I saw a tweet about Snare and picked it up on kindle. The snare of the title refers to a divorced woman left destitute, who is ensnared into some illegal activities. The story and the plot were really good. The situation is believable in that desperation can lead a person into questionable choices and actions. Sonia is a strong and resourceful character with a blind spot as far as personal relationships go, much like many people. I will be reading the next in this trilogy.

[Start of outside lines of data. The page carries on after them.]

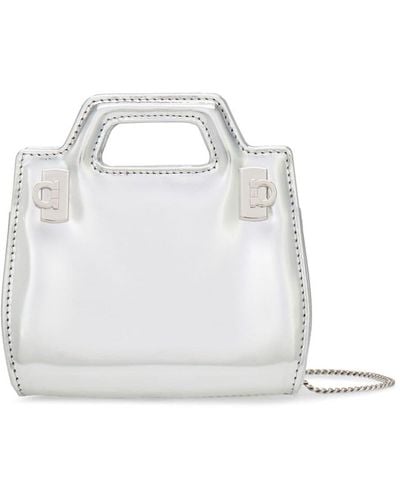 Ferragamo Wanda Leather Micro Bag - White
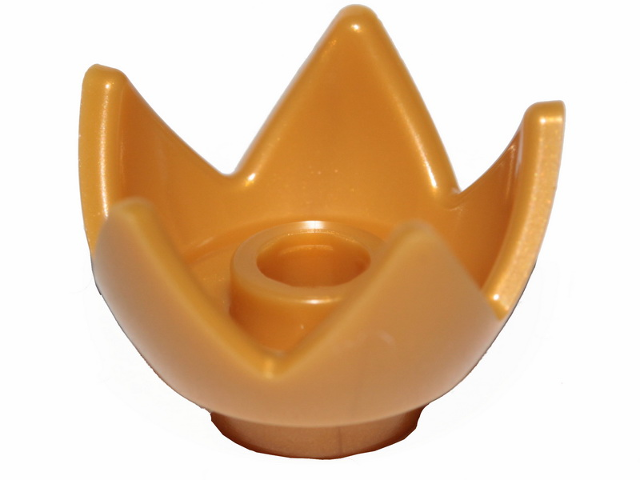 Pearl Gold Minifigure, Headgear Crown Eggshell with 5 Points and Center Stud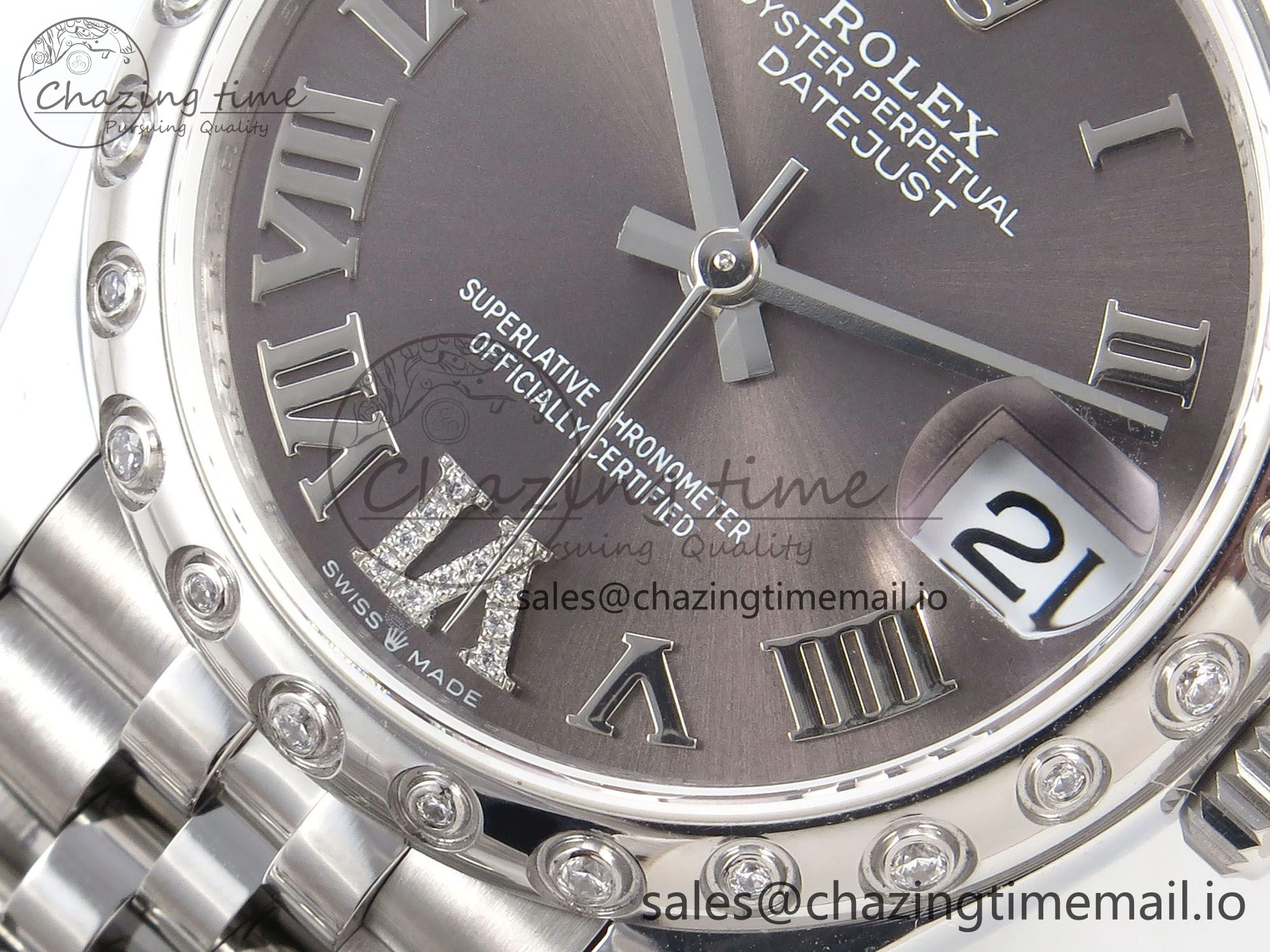 DateJust 31 278344RBR SS GMF 1:1 Best Edition 904L Steel Gray Roman Diamonds Dial on Jubilee Bracelet A2824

Black Dog is the first in the series of the team of too-nice-for-his-own-good Ben Cooper and thoroughly unlikable Diane Fry. I found the case interesting and resolution was quite good. I loved the character of the retired miner, their rather recalcitrant witness, then suspect. Great local community color as well. I just found every scene with Fry in it cringe inducing. I don’t know if that is purposeful and that we are supposed to see these characters rub off on each other, inducing change over the course of a series or not.
A Killer’s Wife was a good serial killer mystery with a good twist at the end. Yardley becomes a prosecutor after she discovers her husband is a notorious serial killer. Her ex-husband is now on death row appealing his conviction and a copy cat is starting to reenact his crimes. As she investigates the copy cat hits closer and closer to home putting her and her daughter’s lives in danger and increasing the chance that her ex’s appeal will be successful. A suspenseful read.
Murder Underground is part of the British Library Crime Classics Series. In this case, an unlikable boarding house tenant, Miss Pongleton, is found strangled with a dog leash on the steps to the underground. This starts an investigation and a young man is arrested rather quickly based on his involvement in a theft. Light comedy and misdirection abound with several theories of the crime put forth by just about everyone. Fun mystery read from The Golden Age of Detective Fiction. I will say that Mavis Doreil Hay wrote three mysteries. This is the second I read and I much preferred this one to Death on the Cherwell.
Down the the River and Up to the Trees is a back to nature/folk lore/crafts/ self help book. I’m not actually sure what genre it would fall into it. It was charming to read with sections of it definitely reminding me of wisdom of my grandparents and activities from my childhood. Just an example, something as simple as bark rubbing and making charcoal. A light read that was in many ways nostalgic for me.